» WHAT YOU SHOULD DO:
Return all of the listing word for word; the pictures stay out.

» DATA BLOCK:
<<<<

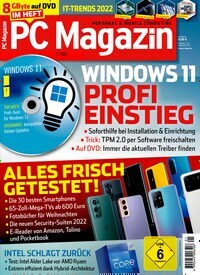 Titelbild der Ausgabe 1/2022 von PC Magazin. Diese Zeitschrift und viele weitere Computerzeitschriften, Tabletmagazine und Smartphonemagazine als Abo oder epaper bei United Kiosk online kaufen.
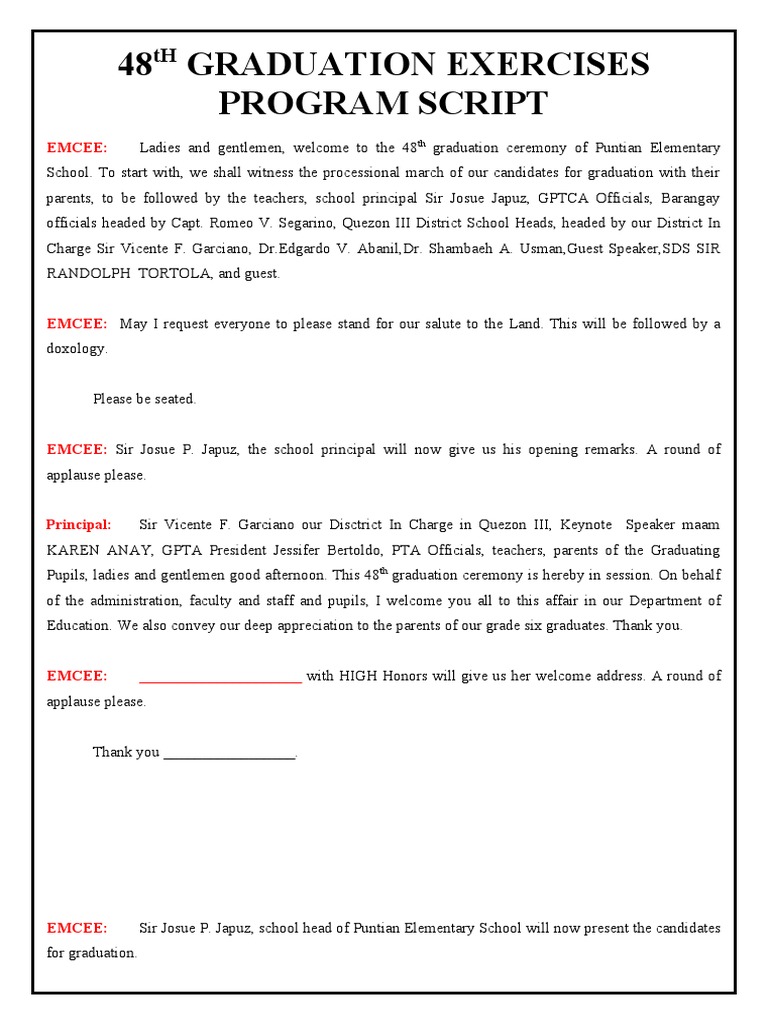 48th GRADUATION EXERCISES PROGRAM SCRIPT | PDF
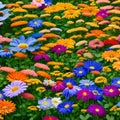 A tessellation of flowers in various sizes and colors, blooming in different directions5, Generative AI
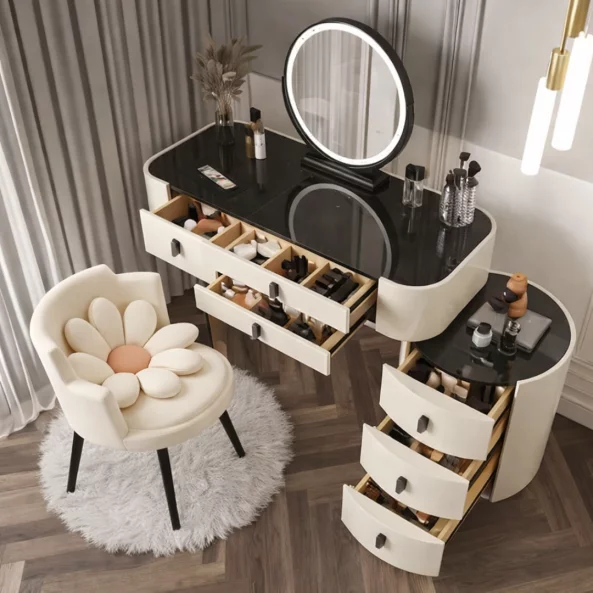 Комплект BELLA &amp; ROSALIE – тоалетка с LED огледало и удобен стол 120x40x120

>>>>

» ANSWER FOR THIS EXERCISE:
 Titelbild der Ausgabe 1/2022 von PC Magazin. Diese Zeitschrift und viele weitere Computerzeitschriften, Tabletmagazine und Smartphonemagazine als Abo oder epaper bei United Kiosk online kaufen.
 48th GRADUATION EXERCISES PROGRAM SCRIPT | PDF
 A tessellation of flowers in various sizes and colors, blooming in different directions5, Generative AI
 Комплект BELLA &amp; ROSALIE – тоалетка с LED огледало и удобен стол 120x40x120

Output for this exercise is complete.